In this section we will be covering 3 different transformations which have a close correlation between one another, and consequently a similar approach for circumvention.
-
Unreachable Code: is defined as inserted code into a target application which is never going to be executed, serving the purpose of an unexpensive way of distracting the analyst for a few minutes. an example of Junk code is the following:
jz loc_key1 ; lets imagine this conditional branch is not really conditional xor eax, eax ; * this will never execute pushf ; * pop ebx ; * and ebx, 0x100 ; * cmp ebx, 0x100 ; * je loc_key2 ; * loc_key1:
-
Dead Code: is defined as inserted code into a target application which, although it may be executed, it does not change the original control flow of the program.

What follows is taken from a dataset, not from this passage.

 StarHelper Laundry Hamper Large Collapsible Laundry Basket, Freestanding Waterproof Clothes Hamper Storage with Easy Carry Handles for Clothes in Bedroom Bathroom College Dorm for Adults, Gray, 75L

Again this technique’s pupose is to just confuse the analyst to make him/her spend a bit more time understanding the purpose of the aforementioned instructions. The following is an example:
mov edx, 0xdeadc00d ; * this specific instruction is deadcode mov eax, [ebp+arg_4] mov ecx, [ebp+arg_0] mov edx, 5 ; * edx gets overriden here, also deadcode mov [ebp+var_4], ecx mov [ebp+var_8], eax
-
Instruction Substitution: defined as to replace a given set of instructions with another more complex set of instructions with identical semantic meaning. This kind of techniques have been heavely employed by metamorphic code engines in the past and may highly affect the legibility of the affected code. Lets imagine that originally we have the following set of instructions:
This set of instruction can be transform to the following one, being much harder to interpret and understand having the same semantic meaning:mov eax, [ebp+var_8] add eax, [ebp+var_C] add eax, [ebp+var_10] add eax, [ebp+var_4]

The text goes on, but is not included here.